Mais uma sensacionalista
reportagem do INTERCEPT BRASIL, que adora fazer fofoca de bastidores sobre
qualquer bobagem, perseguir pessoas com calúnias e fomentar falsas polêmicas.
Temos, no
INTERCEPT BRASIL, para variar, o mesmo estratagema da Extrema Direita: um
deprimente show de “fake news” embalado por uma vistosa imposição moralista (o
"eles", os sujos, contra o "nós", os puros). Vale lembrar
que as "fake news" operam a partir de uma gota de realidade em um mar
de deturpação informacional, visando, deliberadamente, induzir o leitor ao
erro.
A
estratégia retórica basilar do INTERCEPT BRASIL, que se acha
"progressista", é fomentar polêmicas sobre questões que não são nada
triviais e alicerçar explicações simplórias e moralistas para elas.
O INTERCEPT
BRASIL dialoga com um público do novo progressismo reacionário, metido a
intelectual de Instagram, neoliberal até as entranhas, mas que adora um
assistencialismo populista e ecoa uma retórica autoritária que se acha o
suprassumo, a última Coca-Cola do "progressismo".
Eis o
delírio de uma falsa Esquerda, degenerada e perdida, sem alma e sem ideias
compatíveis com a realidade, e que não mais honra o seu passado.

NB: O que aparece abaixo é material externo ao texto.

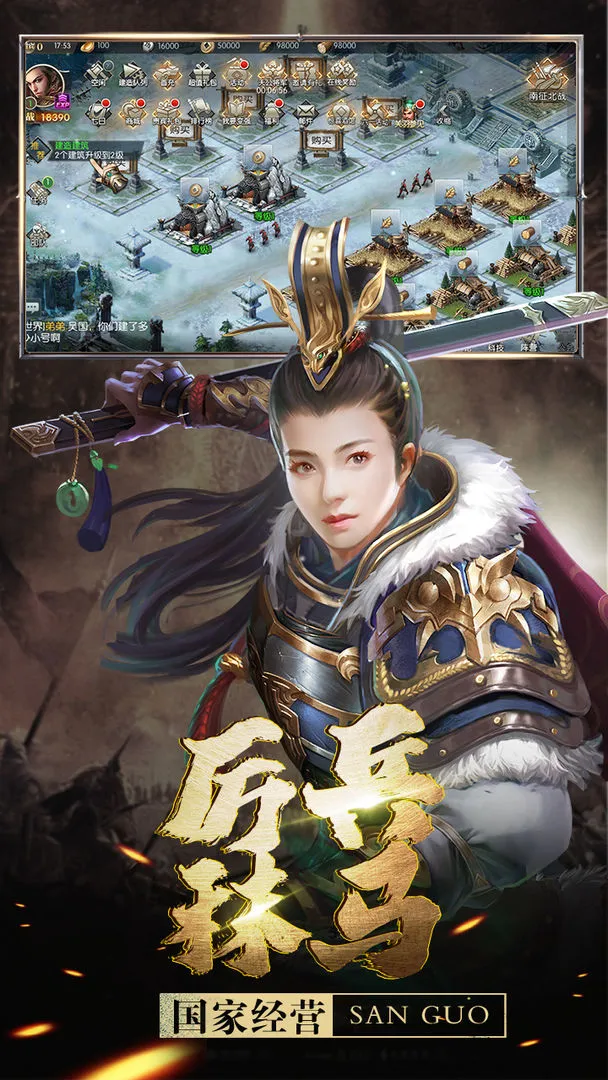 城池攻坚战软件封面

Vive em uma
"bolha" que só sabe fazer militância de centro acadêmico,
histericamente, vociferando em prol da farsa da representatividade, do
moralismo do progressismo reacionário, da perseguição de quem não comunga com a
cartilha do fascismo puritano woke estadunidense, da neurose por
banheiros narcísicos e da caça a preconceitos por todos os poros.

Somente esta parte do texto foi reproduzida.